- **Record excerpts**
◇ ◇ ◇

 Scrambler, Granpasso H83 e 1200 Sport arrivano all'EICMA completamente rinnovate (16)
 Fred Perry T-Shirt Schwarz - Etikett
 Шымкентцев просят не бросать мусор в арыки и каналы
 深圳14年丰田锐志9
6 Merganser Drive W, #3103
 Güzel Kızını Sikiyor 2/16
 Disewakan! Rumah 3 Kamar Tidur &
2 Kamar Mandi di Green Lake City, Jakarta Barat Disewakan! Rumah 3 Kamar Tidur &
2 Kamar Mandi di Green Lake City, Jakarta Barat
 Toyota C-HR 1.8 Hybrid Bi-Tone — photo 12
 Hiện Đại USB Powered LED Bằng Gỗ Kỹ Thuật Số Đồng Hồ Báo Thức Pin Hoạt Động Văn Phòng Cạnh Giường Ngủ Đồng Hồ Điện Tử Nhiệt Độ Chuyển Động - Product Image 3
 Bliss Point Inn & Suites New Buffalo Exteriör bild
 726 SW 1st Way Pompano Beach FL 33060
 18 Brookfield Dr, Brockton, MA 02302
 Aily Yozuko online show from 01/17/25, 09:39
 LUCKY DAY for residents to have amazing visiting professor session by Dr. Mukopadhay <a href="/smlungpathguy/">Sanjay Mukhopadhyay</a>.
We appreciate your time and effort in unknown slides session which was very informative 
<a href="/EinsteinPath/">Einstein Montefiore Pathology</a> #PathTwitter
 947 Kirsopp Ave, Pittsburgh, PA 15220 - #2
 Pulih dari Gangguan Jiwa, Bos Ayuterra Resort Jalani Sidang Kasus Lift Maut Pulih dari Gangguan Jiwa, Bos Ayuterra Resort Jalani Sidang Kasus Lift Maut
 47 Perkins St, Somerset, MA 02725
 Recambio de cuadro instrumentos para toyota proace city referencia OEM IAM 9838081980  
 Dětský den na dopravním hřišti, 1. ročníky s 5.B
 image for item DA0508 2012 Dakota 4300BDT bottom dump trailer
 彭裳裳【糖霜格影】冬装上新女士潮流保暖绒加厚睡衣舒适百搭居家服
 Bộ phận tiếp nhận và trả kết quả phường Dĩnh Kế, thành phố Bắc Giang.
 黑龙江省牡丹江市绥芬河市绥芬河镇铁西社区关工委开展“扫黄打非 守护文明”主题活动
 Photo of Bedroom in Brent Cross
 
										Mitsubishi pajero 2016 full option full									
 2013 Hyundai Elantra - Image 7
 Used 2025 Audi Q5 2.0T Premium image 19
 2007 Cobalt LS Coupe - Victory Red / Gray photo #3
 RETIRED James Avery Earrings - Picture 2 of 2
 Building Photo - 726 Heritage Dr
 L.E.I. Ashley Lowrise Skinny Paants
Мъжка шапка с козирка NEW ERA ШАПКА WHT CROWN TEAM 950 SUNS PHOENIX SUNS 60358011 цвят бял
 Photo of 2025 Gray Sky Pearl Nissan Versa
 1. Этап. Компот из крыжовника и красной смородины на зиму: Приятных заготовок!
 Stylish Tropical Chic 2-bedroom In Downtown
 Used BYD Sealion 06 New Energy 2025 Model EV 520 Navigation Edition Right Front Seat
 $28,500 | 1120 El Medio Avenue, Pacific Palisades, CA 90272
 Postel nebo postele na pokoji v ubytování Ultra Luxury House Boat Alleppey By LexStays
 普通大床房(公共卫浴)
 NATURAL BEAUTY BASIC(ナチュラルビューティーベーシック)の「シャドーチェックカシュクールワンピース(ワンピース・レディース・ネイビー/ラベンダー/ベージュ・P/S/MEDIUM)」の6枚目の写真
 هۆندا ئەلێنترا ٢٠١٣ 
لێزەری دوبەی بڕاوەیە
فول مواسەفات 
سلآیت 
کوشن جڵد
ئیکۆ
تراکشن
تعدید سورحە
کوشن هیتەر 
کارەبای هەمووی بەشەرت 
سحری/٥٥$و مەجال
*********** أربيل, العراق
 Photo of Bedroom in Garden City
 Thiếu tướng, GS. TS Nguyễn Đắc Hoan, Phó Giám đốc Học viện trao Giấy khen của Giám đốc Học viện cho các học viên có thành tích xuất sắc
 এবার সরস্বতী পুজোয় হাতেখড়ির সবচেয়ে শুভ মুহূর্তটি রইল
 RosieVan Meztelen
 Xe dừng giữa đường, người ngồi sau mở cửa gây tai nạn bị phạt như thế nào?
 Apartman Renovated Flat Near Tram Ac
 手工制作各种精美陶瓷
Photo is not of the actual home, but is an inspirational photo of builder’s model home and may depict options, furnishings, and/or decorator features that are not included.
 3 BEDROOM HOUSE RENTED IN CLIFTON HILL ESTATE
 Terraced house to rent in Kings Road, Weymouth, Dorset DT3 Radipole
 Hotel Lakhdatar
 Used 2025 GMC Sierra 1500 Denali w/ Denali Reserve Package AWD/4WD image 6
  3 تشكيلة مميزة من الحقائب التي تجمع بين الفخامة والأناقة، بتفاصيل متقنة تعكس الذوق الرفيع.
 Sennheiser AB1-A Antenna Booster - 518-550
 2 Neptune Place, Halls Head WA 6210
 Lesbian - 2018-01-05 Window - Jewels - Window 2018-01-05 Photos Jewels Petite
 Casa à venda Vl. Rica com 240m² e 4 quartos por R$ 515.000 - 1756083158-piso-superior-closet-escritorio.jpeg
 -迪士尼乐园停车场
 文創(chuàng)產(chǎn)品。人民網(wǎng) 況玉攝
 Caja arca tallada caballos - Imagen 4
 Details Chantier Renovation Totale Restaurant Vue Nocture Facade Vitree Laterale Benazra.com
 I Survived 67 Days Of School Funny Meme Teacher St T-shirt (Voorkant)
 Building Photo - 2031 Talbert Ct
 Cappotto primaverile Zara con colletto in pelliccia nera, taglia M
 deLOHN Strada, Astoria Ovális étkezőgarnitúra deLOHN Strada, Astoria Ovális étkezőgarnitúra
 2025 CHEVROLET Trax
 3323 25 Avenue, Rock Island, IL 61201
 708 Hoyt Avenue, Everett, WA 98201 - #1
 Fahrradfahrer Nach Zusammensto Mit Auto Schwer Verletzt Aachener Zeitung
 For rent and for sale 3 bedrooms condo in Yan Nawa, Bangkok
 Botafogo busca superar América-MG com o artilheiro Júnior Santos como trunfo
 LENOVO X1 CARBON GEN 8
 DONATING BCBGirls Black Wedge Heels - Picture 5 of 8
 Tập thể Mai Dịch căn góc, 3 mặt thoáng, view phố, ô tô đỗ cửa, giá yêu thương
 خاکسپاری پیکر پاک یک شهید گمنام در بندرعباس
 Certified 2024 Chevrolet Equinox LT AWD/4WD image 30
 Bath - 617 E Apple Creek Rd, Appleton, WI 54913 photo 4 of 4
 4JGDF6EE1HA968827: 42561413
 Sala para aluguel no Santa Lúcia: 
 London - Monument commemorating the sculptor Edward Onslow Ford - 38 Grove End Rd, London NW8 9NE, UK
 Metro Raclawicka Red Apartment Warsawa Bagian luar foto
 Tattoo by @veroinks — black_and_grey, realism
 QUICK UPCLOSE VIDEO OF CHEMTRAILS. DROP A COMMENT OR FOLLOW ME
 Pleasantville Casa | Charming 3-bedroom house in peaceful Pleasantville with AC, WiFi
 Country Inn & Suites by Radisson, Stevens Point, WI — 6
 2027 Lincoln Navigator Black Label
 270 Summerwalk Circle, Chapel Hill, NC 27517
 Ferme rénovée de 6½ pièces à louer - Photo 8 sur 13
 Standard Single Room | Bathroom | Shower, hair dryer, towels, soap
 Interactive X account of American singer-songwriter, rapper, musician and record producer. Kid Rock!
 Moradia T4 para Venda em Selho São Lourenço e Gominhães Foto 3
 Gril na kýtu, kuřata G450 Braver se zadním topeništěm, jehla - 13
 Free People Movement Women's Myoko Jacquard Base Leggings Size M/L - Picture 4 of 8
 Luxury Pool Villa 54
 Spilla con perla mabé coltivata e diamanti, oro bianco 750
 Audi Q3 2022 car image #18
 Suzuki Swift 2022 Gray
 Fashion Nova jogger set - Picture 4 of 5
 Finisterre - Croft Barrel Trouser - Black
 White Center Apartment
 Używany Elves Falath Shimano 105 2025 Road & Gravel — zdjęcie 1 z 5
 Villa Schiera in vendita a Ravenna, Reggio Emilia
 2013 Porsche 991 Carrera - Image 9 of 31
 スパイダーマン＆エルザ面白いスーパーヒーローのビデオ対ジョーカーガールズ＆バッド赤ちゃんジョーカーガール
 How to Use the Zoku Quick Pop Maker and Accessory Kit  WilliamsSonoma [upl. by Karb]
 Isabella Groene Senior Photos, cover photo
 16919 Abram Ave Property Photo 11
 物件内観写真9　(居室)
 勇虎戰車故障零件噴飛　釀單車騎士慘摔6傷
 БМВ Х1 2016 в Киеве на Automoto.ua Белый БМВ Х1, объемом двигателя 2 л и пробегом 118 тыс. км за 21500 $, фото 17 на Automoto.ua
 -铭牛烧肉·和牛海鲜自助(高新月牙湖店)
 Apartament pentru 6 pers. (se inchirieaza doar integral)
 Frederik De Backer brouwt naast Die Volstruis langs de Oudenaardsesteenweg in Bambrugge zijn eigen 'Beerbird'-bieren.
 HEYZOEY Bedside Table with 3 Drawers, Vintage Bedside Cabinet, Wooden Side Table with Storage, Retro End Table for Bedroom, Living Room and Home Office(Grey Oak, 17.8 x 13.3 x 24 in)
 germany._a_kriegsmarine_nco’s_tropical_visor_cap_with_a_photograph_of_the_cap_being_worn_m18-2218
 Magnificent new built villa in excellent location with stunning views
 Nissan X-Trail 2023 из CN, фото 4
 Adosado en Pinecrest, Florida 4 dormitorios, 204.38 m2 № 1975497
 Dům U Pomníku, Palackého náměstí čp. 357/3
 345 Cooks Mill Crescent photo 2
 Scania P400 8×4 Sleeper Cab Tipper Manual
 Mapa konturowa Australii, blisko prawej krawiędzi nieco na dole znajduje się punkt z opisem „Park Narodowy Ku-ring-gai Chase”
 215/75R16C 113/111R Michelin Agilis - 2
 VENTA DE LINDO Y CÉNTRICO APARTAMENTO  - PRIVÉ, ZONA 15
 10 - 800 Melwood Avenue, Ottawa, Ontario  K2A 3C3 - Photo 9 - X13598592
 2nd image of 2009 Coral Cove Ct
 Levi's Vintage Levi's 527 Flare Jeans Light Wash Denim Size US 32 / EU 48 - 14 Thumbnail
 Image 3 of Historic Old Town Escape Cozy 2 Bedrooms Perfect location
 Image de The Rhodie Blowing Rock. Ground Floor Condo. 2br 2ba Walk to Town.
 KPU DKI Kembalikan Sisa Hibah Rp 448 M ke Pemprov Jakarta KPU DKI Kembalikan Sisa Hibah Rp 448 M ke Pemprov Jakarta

◇ ◇ ◇

- **What you need to do**
Within the entries, how many lines contain the word "Gray"? Answer with a number alone.

- **Exercise response**
3